A significant improvement over the Bonferroni method was proposed by Holm (1979). Among the many reviews of the merits of the Holm method and its uniform superiority over the Bonferroni method, that of Aickin and Gensler (1996) is notable. This paper is the also source of our algorithm to make comparisons according to the Holm method. All statistical packages today incorporate the Holm method.
Relative merits of Tukey, Scheffé, Bonferroni and Holm Methods:
There is wide agreement that each of these three methods have their merits. The recommendation on the relative merits and advantages of each of these methods in the NIST Engineering Statistics Handbook page on comparison of these methods are reproduced below:
No one comparison method is uniformly best - each has its uses
- If all pairwise comparisons are of interest, Tukey has the edge. If only a subset of pairwise comparisons are required, Bonferroni may sometimes be better.
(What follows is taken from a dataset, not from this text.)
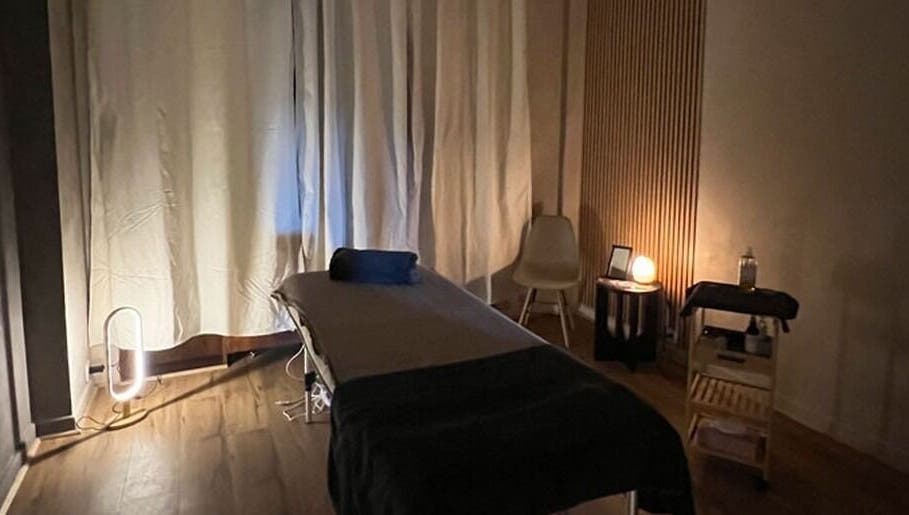 Table de massage relaxante chez Virginie Fraysse, Rodez, Occitanie, FR, ambiance tamisée et sereine.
- When the number of contrasts to be estimated is small, (about as many as there are factors) Bonferroni is better than Scheffé. Actually, unless the number of desired contrasts is at least twice the number of factors, Scheffé will always show wider confidence bands than Bonferroni.
- Many computer packages include all three methods. So, study the output and select the method with the smallest confidence band.
- No single method of multiple comparisons is uniformly best among all the methods."
Uniform superiority of the Holm Method over the Bonferroni method:
The following excerpts from Aickin and Gensler (1996) makes it clear that the Holm method is uniformly superior to the Bonferroni method:
- "Public health researchers are sometimes required to make adjustments for multiple testing in reporting their results, which reduces the apparent significance of effects and thus reduces statistical power. The Bonferroni procedure is the most widely recommended way of doing this, but another procedure, that of Holm, is uniformly better....... As we have shown, Holm(ed) P values are easy to compute. Consequently, there does not appear to be any valid reason to continue using the Bonferroni procedure."
In addition to the wisdom of the NIST scientists as above, we have observed rare situations where one-way ANOVA produces a p-value above 0.05, producing human (though not computer) disappointment, but Bonferroni comparion of fewer contrasts (pairs) discerns a subset of contrasts (pairs) that are significantly different.